Dos costumbres inglesas de Canadá

Dos costumbres inglesas de Canadá

Dos hábitos ingleses de Canadá que, a pesar de los años vividos aquí me siguen llamando la atención son: una, que no se puede comprar alcohol en cualquier súper o tiendita de la esquina, sino sólo en las tiendas gubernamentales LCB (Liquor Control Board), y dos, que cuando la gente utiliza las escaleras eléctricas se arrima hacia el lado derecho para dejar pasar por el lado izquierdo a la gente que quiere ir más rápido.

Según me dicen, en México esta segunda práctica es de uso común entre las personas, pero la verdad nunca he visto que el comportamiento mecánico de la gente sea ese.
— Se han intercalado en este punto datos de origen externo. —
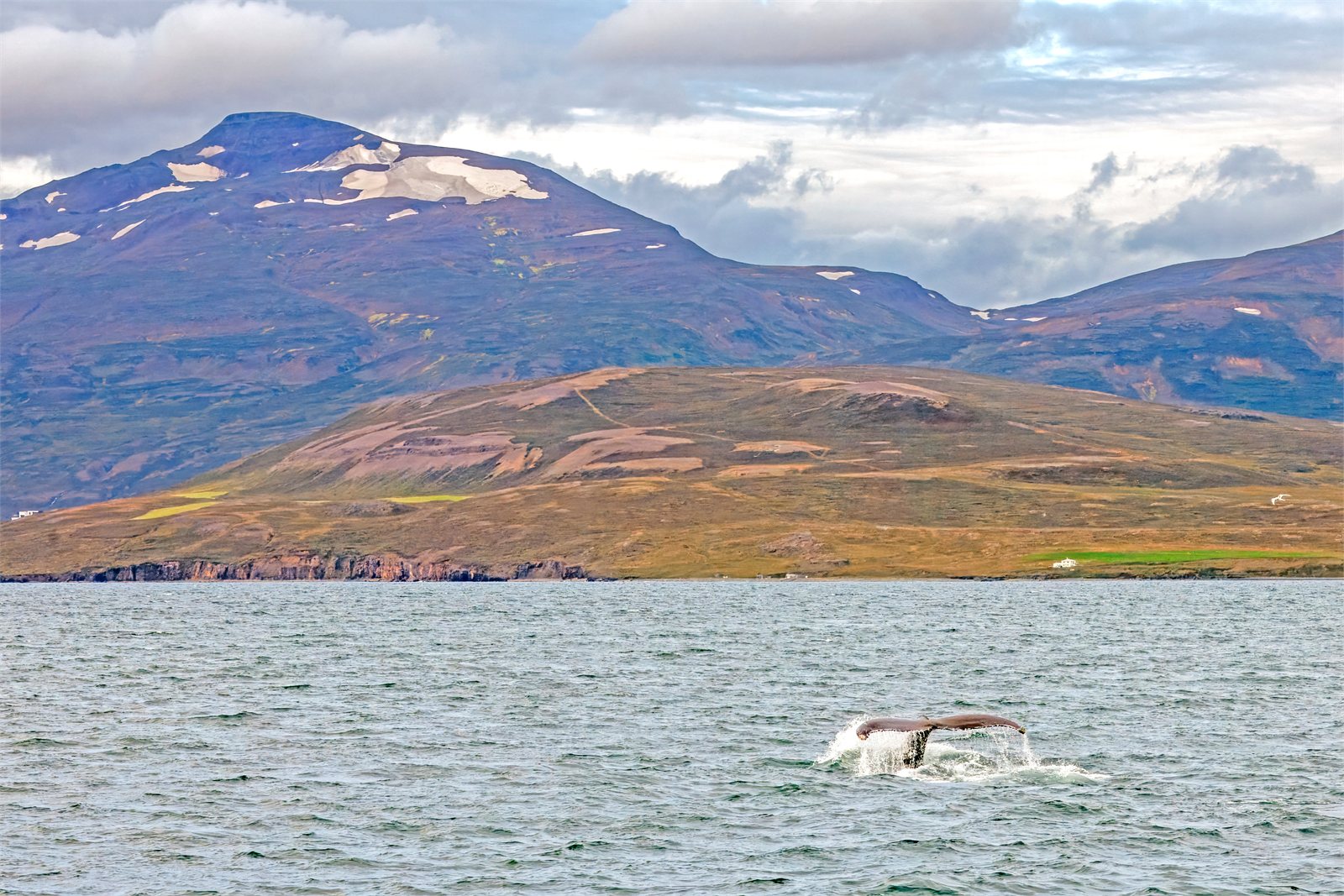 Hnúfubakur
Uno se instala a platicar con quien venga y si alguien quiere adelantarse, o se amuela, o tiene la suerte de que el cuerpo bloqueador sea cortés y se haga a un lado. En Canadá es motivo de gran ofensa no comportarse así de manera automática, es realmente visto como un acto de invasión e incivilización total. Lo curioso es que para mí, actuar de esa manera requiere siempre de un recordatorio mental, no es algo que se me haya convertido en instinto y, de hecho, si estoy acompañada por alguien, me molesta que la plática tenga que interrumpirse mientras subimos por las escaleras, pues es muy difícil mantener una conversación con el cuello en posición tortícolis gracias a que tenemos que pararnos en una especie de fila india.

La primera práctica siempre me ha parecido aún más extraña, pero sobre todo cargada de una especie de control juicioso por parte del gobierno canadiense, pues ir a tiendas especiales para comprar alcohol lo hace a uno sentirse como miembro de AA, pues no hay como la naturalidad de adquirir una botella de vino tinto o de tequila al mismo tiempo que se compra un trozo de carne, quesos, verduras y una barra de pan para la cena. En la muchísima más civilizada provincia de Québec esto no ocurre, aunque también existen las tiendas gubernamentales SAQ (Société des alcools du Québec), y así como en México o Europa, el alcohol se puede adquirir en cualquier parte. Cuando me mudé a Canadá, a la ciudad de Vancouver, a una edad de plena pachanga, donde la cerveza y el vino eran artículos de despensa casi diaria para mí y mis amigos, en verdad que me resultaba extraño tener que ir a una tienda del gobierno para adquirir mi dosis alcohólica. Siempre olían mal, como a cerveza podrida, los que te atendían. Su aspecto era de malhechores y afuera siempre había gente pidiendo dinero para poder entrar y comprar su Licor del 43.

Es verdad que al cabo de todos estos años las cosas han cambiado un poco. En Canadá como en muchas partes del mundo americano, tomar vino se ha vuelto una cuestión de estatus de clase media, por lo que varias de las tiendas portan no sólo un mejor look, sino también una mejor clientela. Ejemplo maravilloso es la tienda LCBO (Ontario) de Summerhill, la cual está ubicada en la zona privilegiadísima de Rosedale en Toronto, sitio donde alguna vez estuvo una estación de tren de pasajeros, es en verdad hermosa.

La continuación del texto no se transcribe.